In Scheme, variables are defined with either lambda, or one of the various lets. If you want one of them to be 'undefined' then all you need to do is leave the scope that they're in. Of course, that's not really undefining them, it's just that the variable is no longer bound to its previous definition.
If you're making top level definitions, using (define), then technically you're defining a function. Since Scheme is functional, functions never really go away. I suppose that technically, it's stored in some sort of environment function somewhere, so if you were intimately familiar with your implementation (and it's not safeguarded somehow) you could probably overwrite it with your own definition of the globabl environment. Barring that, I'd say that your best bet would be to redefine the function to return the null list- that's really as empty as you get.
Scheme (R7RS) has no standard compliant way to remove a top-level binding.
If you evaluate a non existing variable, you get an error:
(eval 'a)
; => ERROR: undefined variable: a
If you define it, the variable gets added to the top-level environment.
(define a 1)
(eval 'a)
; => 1
As from now no matter what you do, you will not get an error, if you access the variable.
If you set it to false, you will get false:
(set! a #f)
(eval 'a)
; => #f
Even if you set it to something unspecified, it is unlikely that you get an error:
(set! a (if #f #t))
(eval 'a)
; =>
But Schemes may have a non-standard way to remove a top-level binding. MIT Scheme provides the function unbind-variable.
As stated in the other answers there is no standard way of manipulating the namespace in Scheme. For a specific implementation there might be a solution.
In Racket the top-level variables are stored in a namespace.

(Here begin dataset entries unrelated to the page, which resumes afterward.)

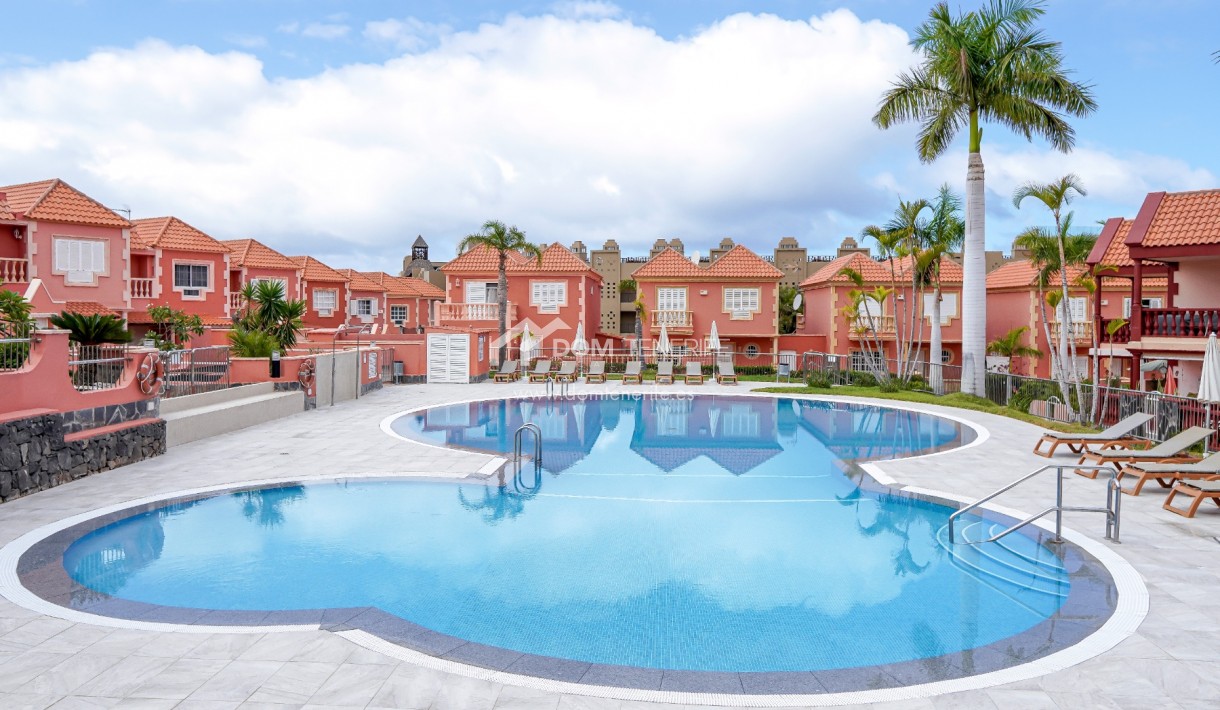 Venta - Apartamento -
Adeje - El Duque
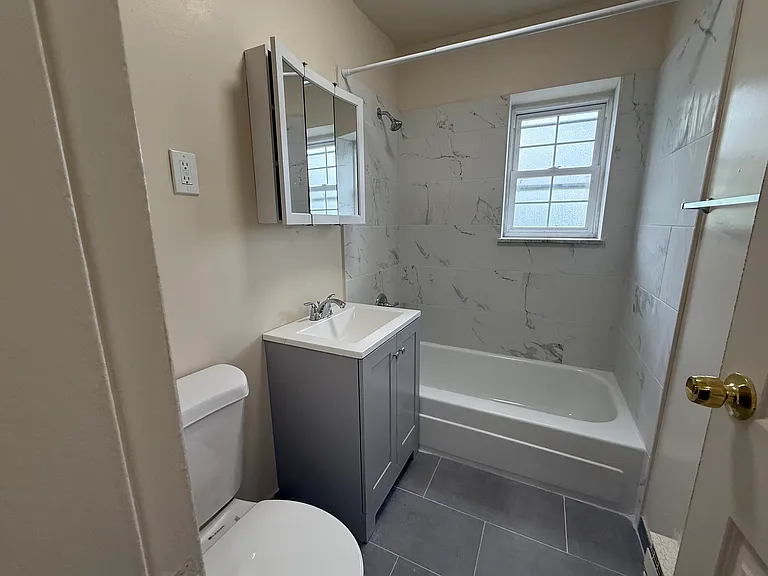 Jamestown Apartments — Photo 5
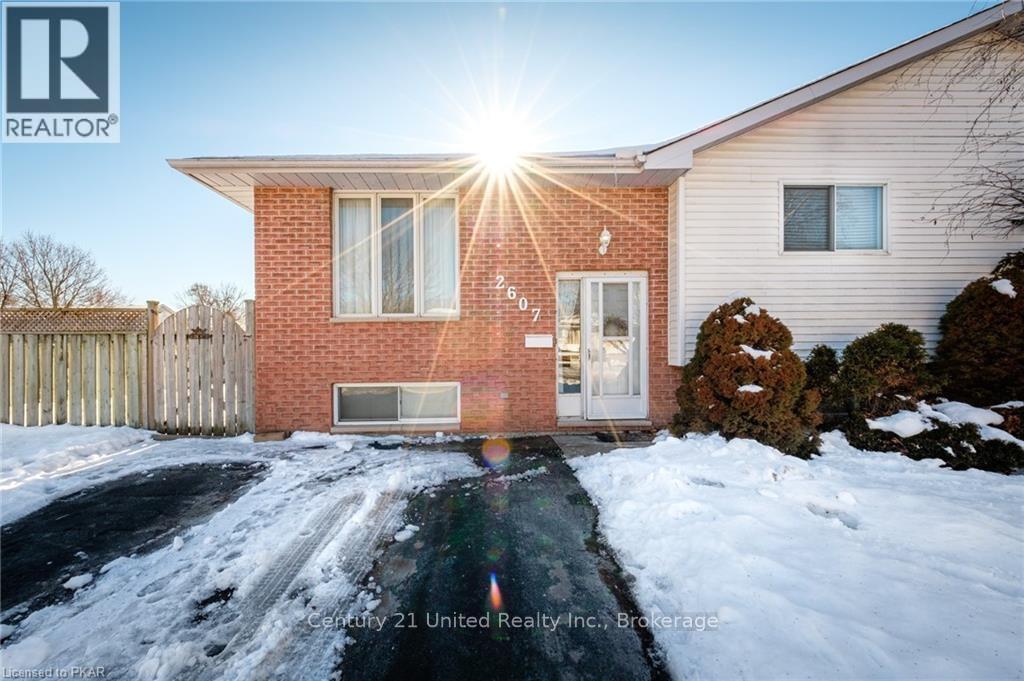 UNIT B - 2607 FOXMEADOW ROAD, peterborough (ashburnham ward 4), Ontario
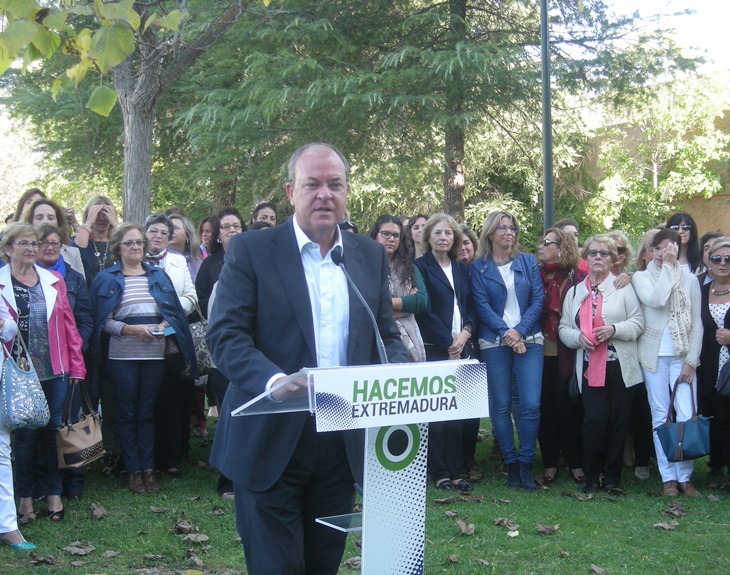 Monago anuncia la creación de un Estatuto de Mujeres Rurales que garantice “la formación y el empleo”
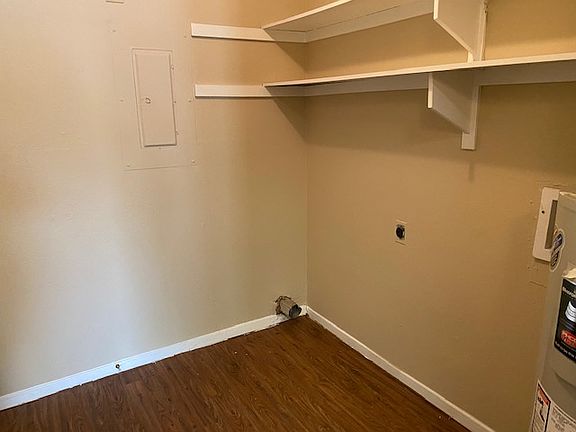 4th image of 414 Kearley Dr #A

You can remove a variable using namespace-undefined-variable.
There is no way of removing a local variable.
http://docs.racket-lang.org/reference/Namespaces.html?q=namespace#%28def.%28%28quote.~23~25kernel%29._namespace-undefine-variable%21%29%29
(set! no-longer-needed #f)
Does this achieve the effect you want? You can also use define at the top level.
guile> (define nigel "lead guitar")
guile> nigel
"lead guitar"
guile> (define nigel #f)
guile> nigel
#f
guile>
You could then re-define the variable. This all depends on the scope of the variables, of course: see Greg's answer.
You cannot unbind a variable in standard Scheme. You could set! the variable to 'undefined, I guess, or you could write a metainterpreter which reifies environments, allowing you to introduce your own notion of undefining variables.
I think, if your point is to do the equivalent of "free" or de-allocate, then no you're pretty much out of luck. you can't de-allocate a variable. you CAN re-define it to something small, like #f, but once you've done (define foo 'bar) the variable foo will exist in some form until you end the program.
On the other hand, if you use let, or letrec, of course, the name only exists until the relevant close paren...
I think your question is not stupid. In AutoLISP has unexisting (undefined) variable apriori supposted value "nil" (even if the variable does not exist in memory - it means - if it is not in a table of variables - then the value is "nil" - "false"). It means also false. And it is also empty list. If you program some kind of list processing function, it is enough to make initial test only by:
(if input-list ....)
When you want to explicitly undefine any variable, you may do this:
(setq old-var nil); or: (setq old-var ())
I like it. The keyword "setq" means "define". What is better on bounding and unbounding variables in other dialects? You must test if they exist, if they are lists, you need garbage-collector, you may not undefine variable to explicitly free memory. Following command can not be written if variable "my-list" is not defined:
(define my-list (cons 2 my-list))
So I think the AutoLISP way is for programming much better. Possibilities, that I written, you may use there. Unfortunately the AutoLISP works in some CAD engineering graphical systems only.
Related
I am new to Lisp, using SBCL 1.2.11 from the terminal.
Could any one help me figure out where I should start looking to get rid of the above error? I think it is causing me the following error:
(setf x (list 'a 'b 'c))
; No debug variables for current frame: using EVAL instead of EVAL-IN-FRAME.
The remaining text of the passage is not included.